PROBLEM DESCRIPTION
From the records below, output exactly the lines running from the line containing "Cute and healthy" through the line containing "Junior's Marvel Guardians", and no others.

EXTRACTED INFORMATION

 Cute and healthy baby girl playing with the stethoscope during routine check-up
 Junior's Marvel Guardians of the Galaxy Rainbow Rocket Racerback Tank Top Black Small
--
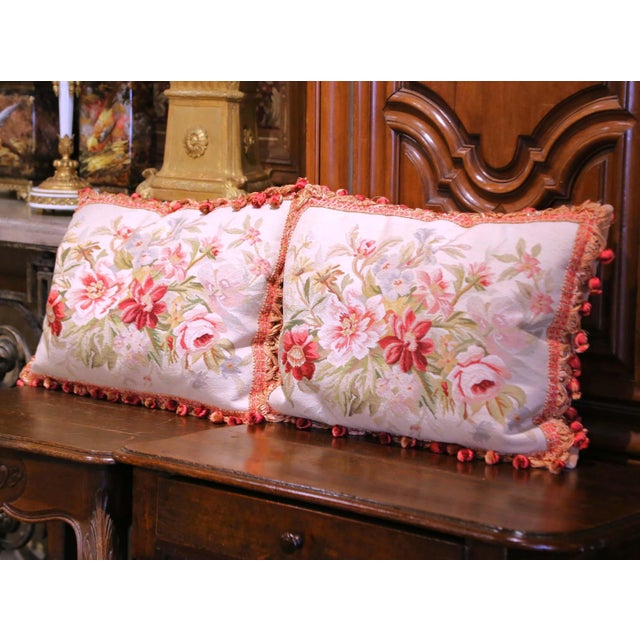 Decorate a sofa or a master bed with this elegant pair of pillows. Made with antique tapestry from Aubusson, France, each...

SOLUTION FOR THIS PROBLEM
 Cute and healthy baby girl playing with the stethoscope during routine check-up
 Junior's Marvel Guardians of the Galaxy Rainbow Rocket Racerback Tank Top Black Small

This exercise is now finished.